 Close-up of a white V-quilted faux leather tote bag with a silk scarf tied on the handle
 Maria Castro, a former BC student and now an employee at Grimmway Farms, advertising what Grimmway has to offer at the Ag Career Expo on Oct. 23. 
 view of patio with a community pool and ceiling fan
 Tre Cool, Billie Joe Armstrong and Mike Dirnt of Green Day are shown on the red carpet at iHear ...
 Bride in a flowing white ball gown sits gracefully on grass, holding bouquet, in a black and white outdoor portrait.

* * *

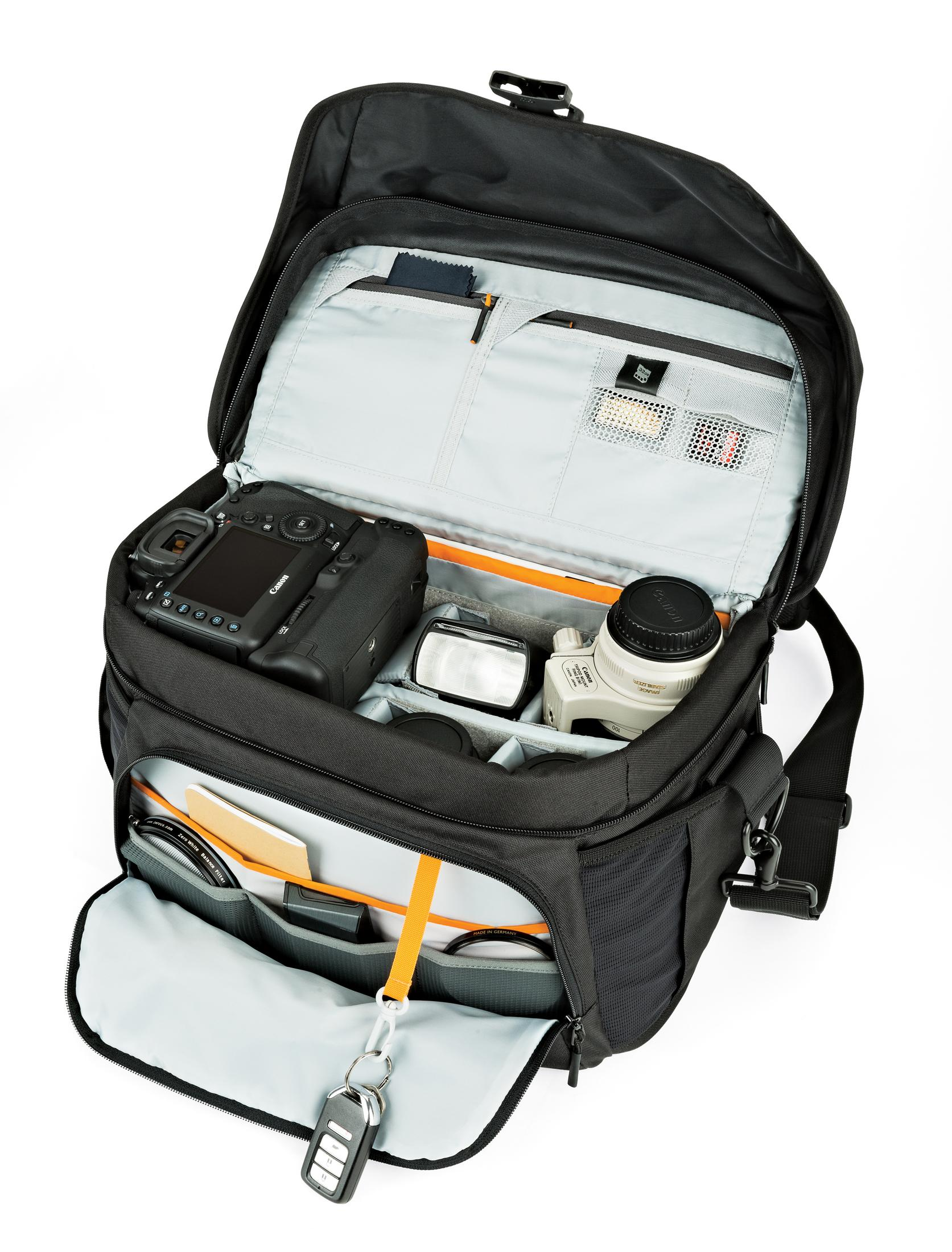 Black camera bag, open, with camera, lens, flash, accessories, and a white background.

==

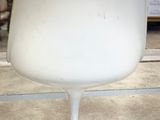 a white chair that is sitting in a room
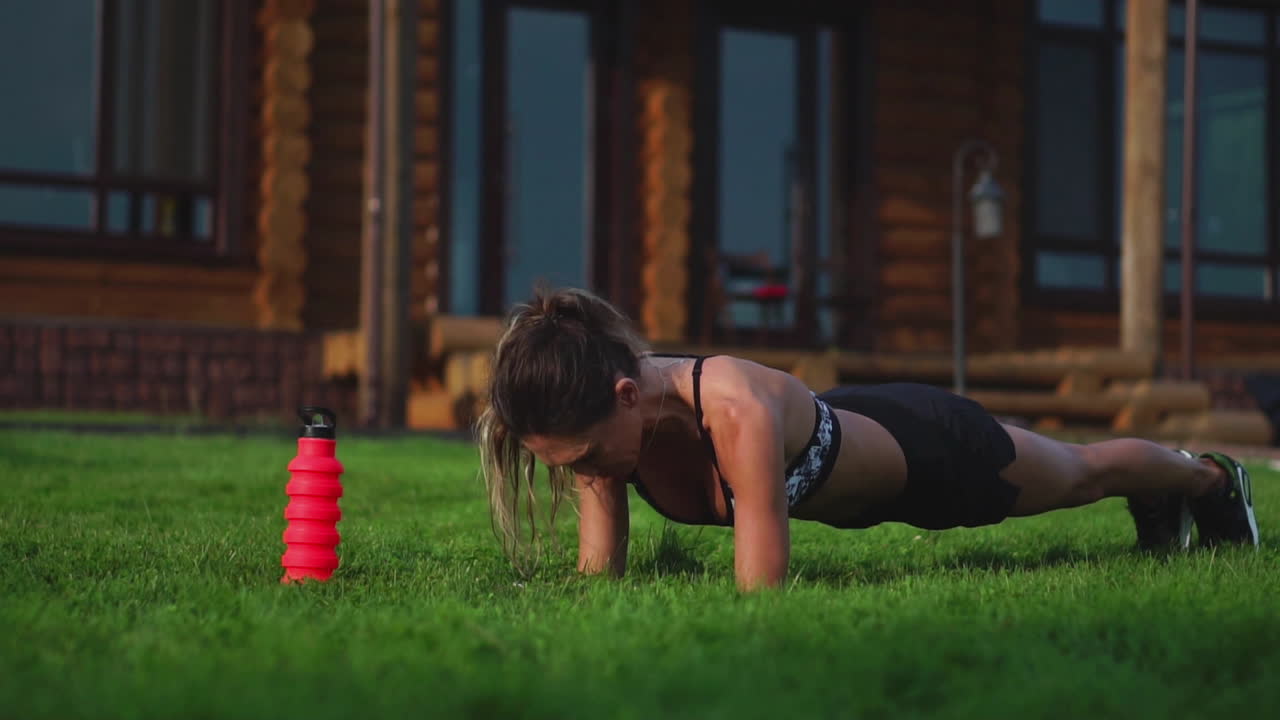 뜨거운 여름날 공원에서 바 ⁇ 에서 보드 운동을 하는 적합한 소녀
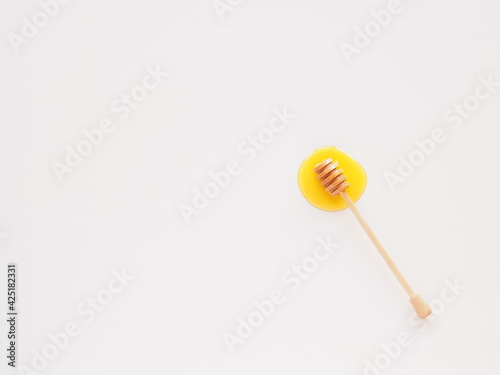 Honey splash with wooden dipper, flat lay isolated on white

Action item
Restate word for word the lines of the data above that begin at the line with "a white chair that is sitting in a room" and end at the line with "Honey splash with", keeping both ends and dropping every picture.

Your response
 a white chair that is sitting in a room
 뜨거운 여름날 공원에서 바 ⁇ 에서 보드 운동을 하는 적합한 소녀
 Honey splash with wooden dipper, flat lay isolated on white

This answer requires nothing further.